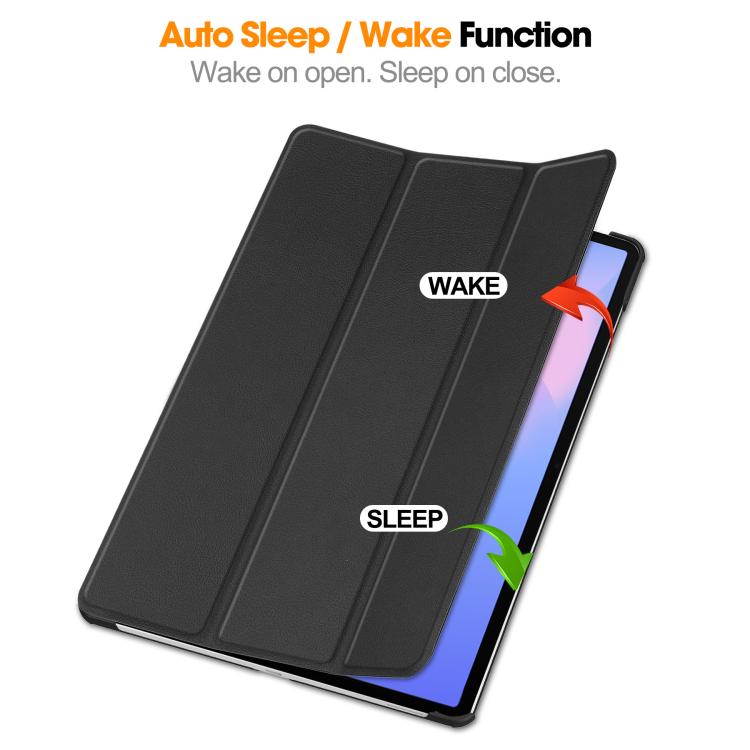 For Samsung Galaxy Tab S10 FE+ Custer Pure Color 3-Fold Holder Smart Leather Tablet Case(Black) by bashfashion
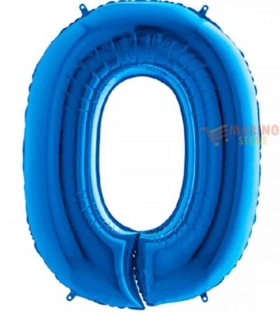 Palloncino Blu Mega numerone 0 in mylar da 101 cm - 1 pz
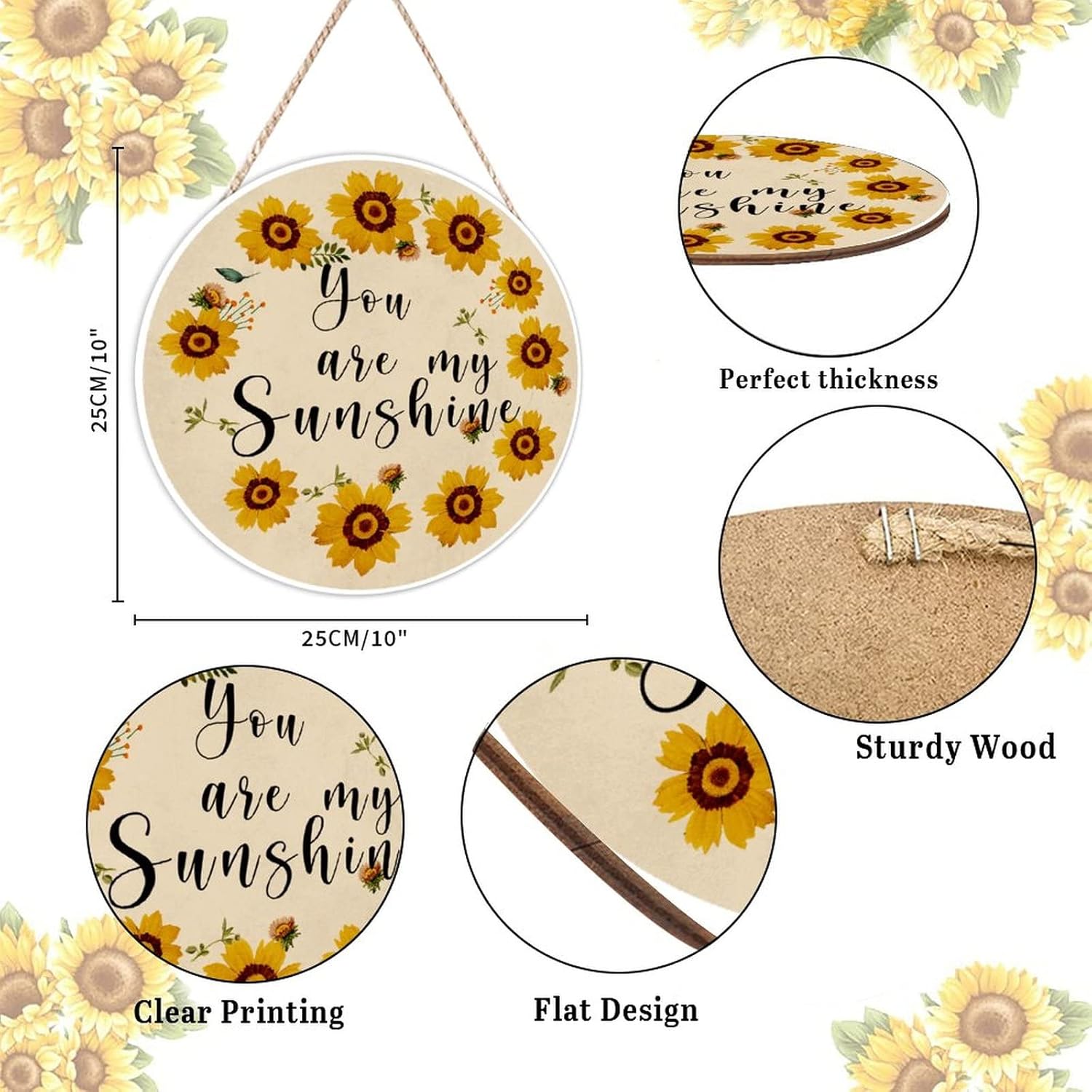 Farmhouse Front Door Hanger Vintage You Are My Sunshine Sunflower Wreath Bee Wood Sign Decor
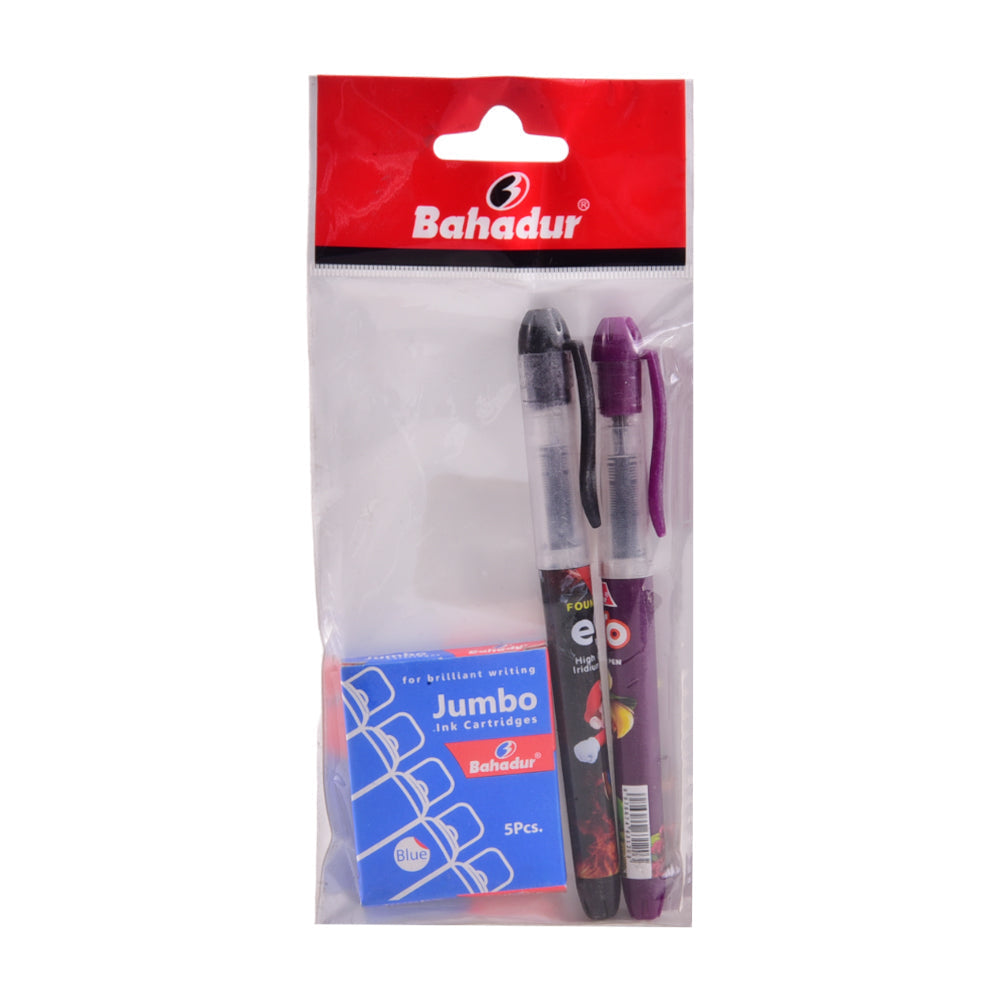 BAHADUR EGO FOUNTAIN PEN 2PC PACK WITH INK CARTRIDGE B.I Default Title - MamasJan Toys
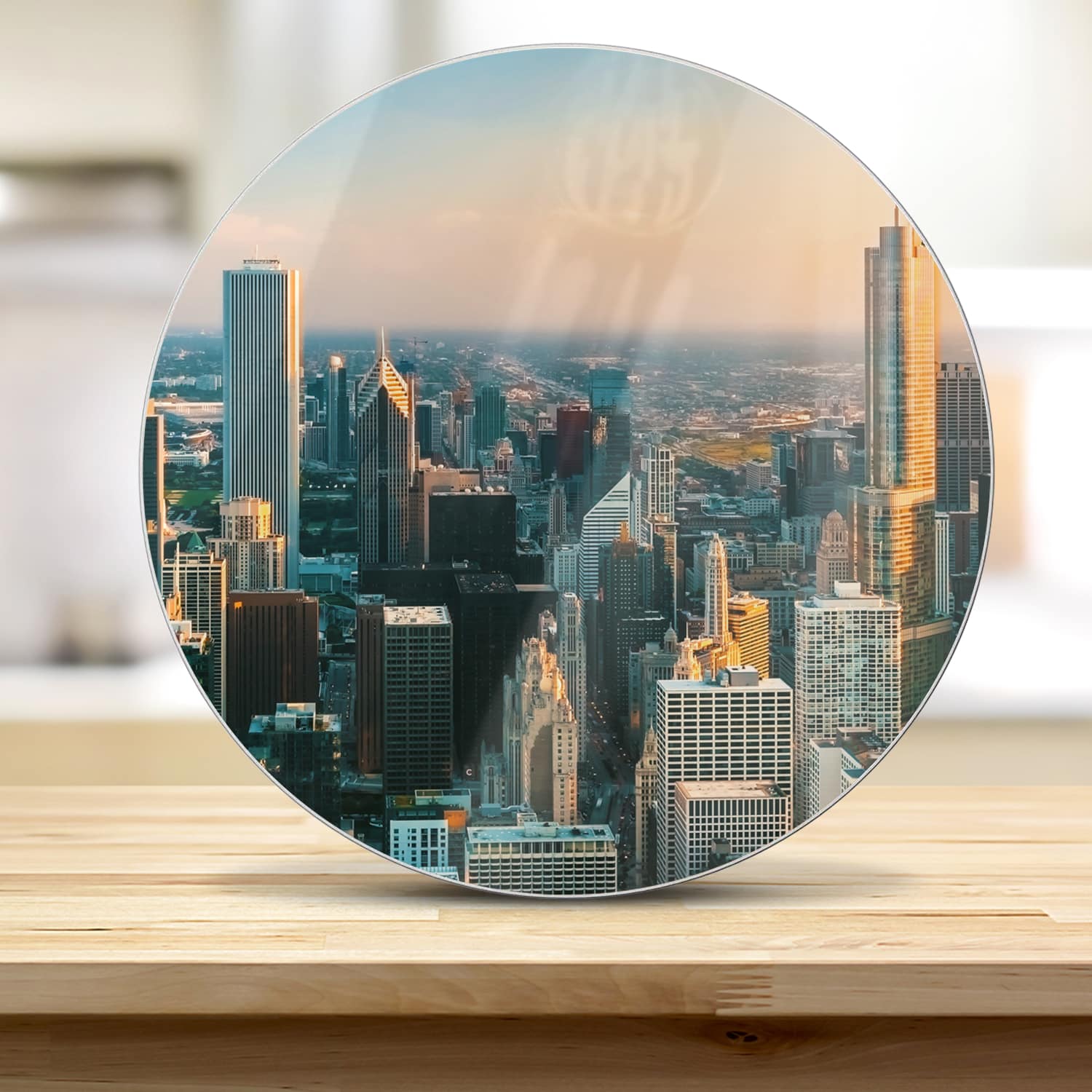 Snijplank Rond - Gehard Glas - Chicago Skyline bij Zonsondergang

§ **Directions for this task**:
Give back each line above verbatim, dropping every picture.

§ **Response to this exercise**:
 For Samsung Galaxy Tab S10 FE+ Custer Pure Color 3-Fold Holder Smart Leather Tablet Case(Black) by bashfashion
 Palloncino Blu Mega numerone 0 in mylar da 101 cm - 1 pz
 Farmhouse Front Door Hanger Vintage You Are My Sunshine Sunflower Wreath Bee Wood Sign Decor
 BAHADUR EGO FOUNTAIN PEN 2PC PACK WITH INK CARTRIDGE B.I Default Title - MamasJan Toys
 Snijplank Rond - Gehard Glas - Chicago Skyline bij Zonsondergang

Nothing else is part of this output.